The directory’s owner, group owner, and permissions are all shown in a detailed listing when -dl is used.

$ dir -d /home/linuxhint

$ dir -d -l /home/linuxhint

How to List the Index Number of Files

The index node is referred to by the “inode” acronym. An inode is a unique integer that is assigned to every file and directory in a filesystem.

A filesystem’s total inode count is set when it is created and can’t be modified dynamically. Consequently, it’s crucial to often verify the inode usage to make sure it complies with the set limitations.

We can get the index/inode number of each file using the -i option:

$ dir -i

How to Sort the Files Based on Size

We can see the size of individual files using the -s option. Furthermore, we can also view the file sizes in a more intuitive manner using the -h option:

$ dir -shl

As we can see from the output, the file sizes are in Kilobytes (see the first column).
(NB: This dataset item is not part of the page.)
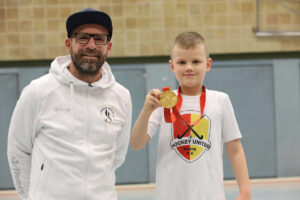 Hockey-Olympiasieger Florian Keller stattete United einen Besuch ab - sehr zur Freude von Mats, der die Goldmedaille bestaunen durfte. Foto: Volkmer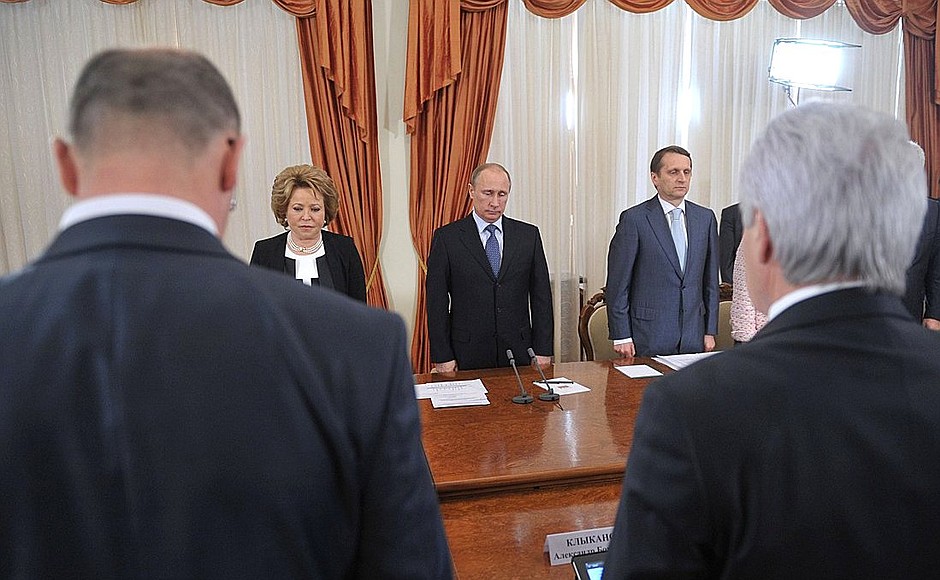 Before the meeting with members of the Council of Legislators’ Presidium. Minute of silence in memory of the victims of a fire in a hospital near Moscow.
Also, to sort the files by size, we can simply add the -S option:

$ dir -ashlS

How to Sort the Files Based on Modification Time

Interestingly, we can also order our files according to when they were last modified, with the most recently updated ones appearing at the top. The -t switch comes in handy here:

$ dir -ashlt

How to List the Files without Owners

You can use the -g switch like -l to list the files but without their owners. Also, the -G switch can be used to list the files without printing the group names.

$ dir -ahgG /home/linuxhint

It is clear from the preceding result that neither the file owner nor the group owner is displayed. Additionally, the –author option displays the file’s author:

$ dir -al --author /home/linuxhint

Also, we must use the -l option here to see the author’s name.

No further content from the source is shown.